偃师商城由宫城、小城和大城构成。在宫城内已发掘10余座大型夯土建筑基址,这些夯土建筑基址所处的位置即为宫殿区。宫殿区北面有东西长达200米的祭祀场所,在其内发现了大量的祭祀遗迹,发掘者认为该区域为祭祀区。在祭祀区北面发现有东西长约130米的水池,以水池为中心的区域应是供商王室休闲的池苑区。在小城的西南隅、东北隅发现有2处类似“府库”的建筑群,其所在区域被称为府库区。在大城东北隅城墙内及小城的东南部发现2处铸铜遗迹。不过,偃师商城内部并未发现独立的墓葬区,只是在大城东北隅的城墙内侧、东墙中段内侧及宫殿区附近发现100多座等级较低的墓葬。平民居住区密集分布于城址的东北部。以上功能区相互之间并不重叠,表明偃师商城内部至少可划分出宫殿区、祭祀区、池苑区、府库区、作坊区、普通居住区。

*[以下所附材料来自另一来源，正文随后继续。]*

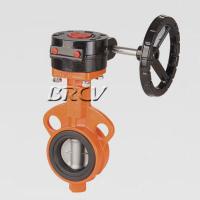 蝸輪對夾式軟密封蝶閥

洹北商城位于洹河北岸,由宫城、外城和西南角的小城组成。在宫城内发现30多处布局严整有序的大型夯土建筑基址,大型夯土建筑所在区域应为宫殿区。在一号宫殿建筑的主殿、门塾、“西配殿”附近均发现有祭祀遗迹。一般居住区位于宫城与外城之间,目前发现两处:一处在商城中部偏东,共发现长条形夯土遗迹40余处;一处在洹北花园庄村东,发现有房屋基址、水井、窖穴、灰坑、墓葬等遗迹,部分墓葬出土有青铜礼器。此外,在洹北商城北部宫城与外城之间发现了1处铸铜作坊、1处制骨作坊,二者所在位置为商城的作坊区。以上材料表明洹北商城内部至少可划分出宫殿区、祭祀区、普通居住区、作坊区。

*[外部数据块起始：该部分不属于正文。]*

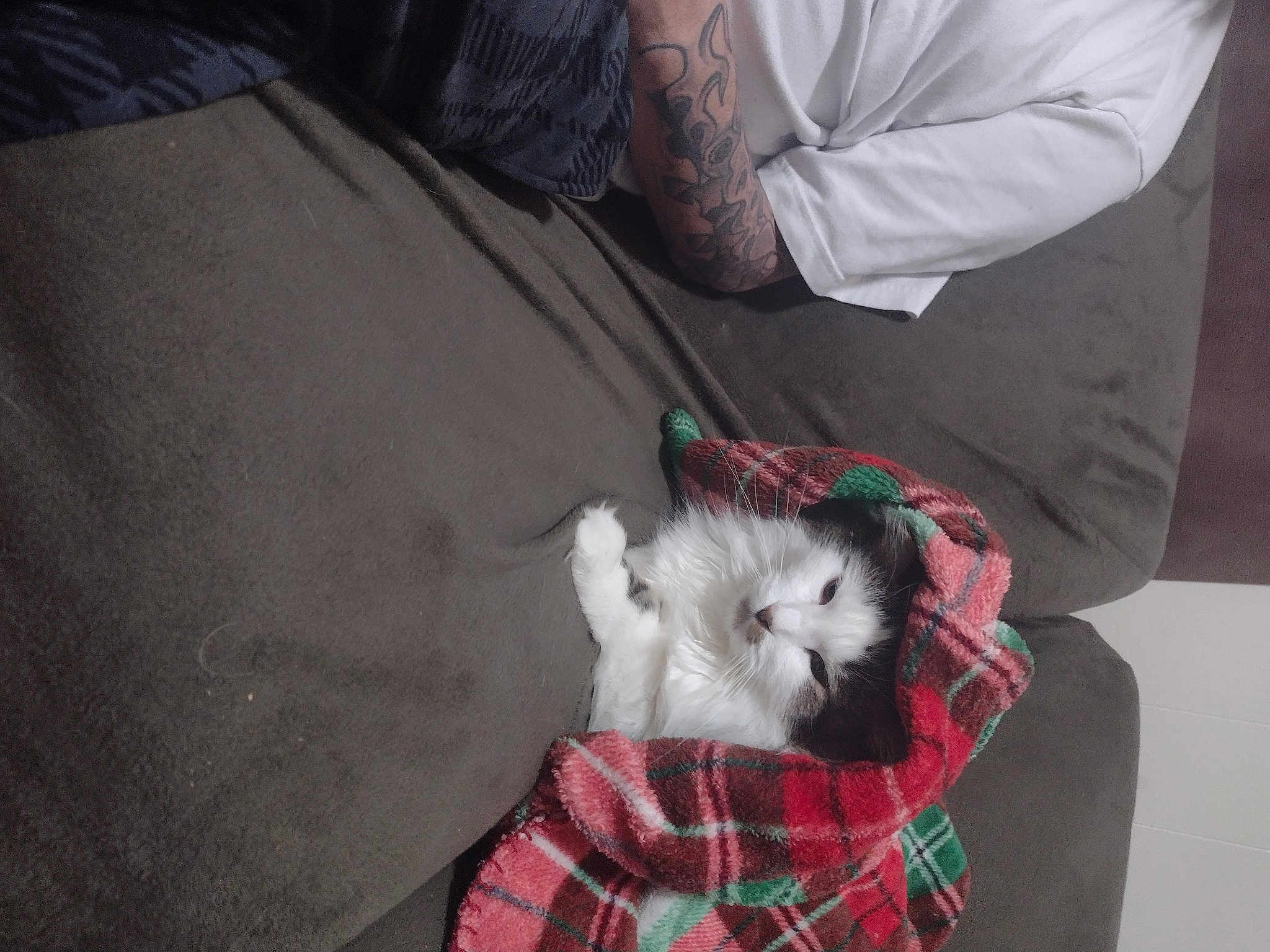 Olaf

殷墟分布在洹河两岸,总面积约30平方公里。宫殿区位于洹河南岸的小屯村一带,在宫殿区的东北部共发现甲、乙、丙、丁四组大型夯土建筑基址群。在洹河北岸的武官村和侯家庄北的一片高地上发现了商代王陵区。宫殿区的丁组、乙组建筑周围以及王陵区内部存在大量的祭祀遗迹,这些祭祀遗迹所在区域应为殷墟的祭祀区,只不过其与宫殿区、王陵区有所重叠。宫殿区域外分布着众多的族邑居址、家族墓地以及多处铸铜、制骨、制陶等手工作坊。此外,近年来考古学者在甲组、乙组基址的西侧,丙组与妇好墓一线的北面,还发现了1处池苑遗迹。以上材料表明殷墟遗址内部功能分区意识明显,可划分出宫殿区、王陵区、祭祀区、居住区、作坊区、池苑区等功能区,仅有个别部分功能区在空间上有所重叠。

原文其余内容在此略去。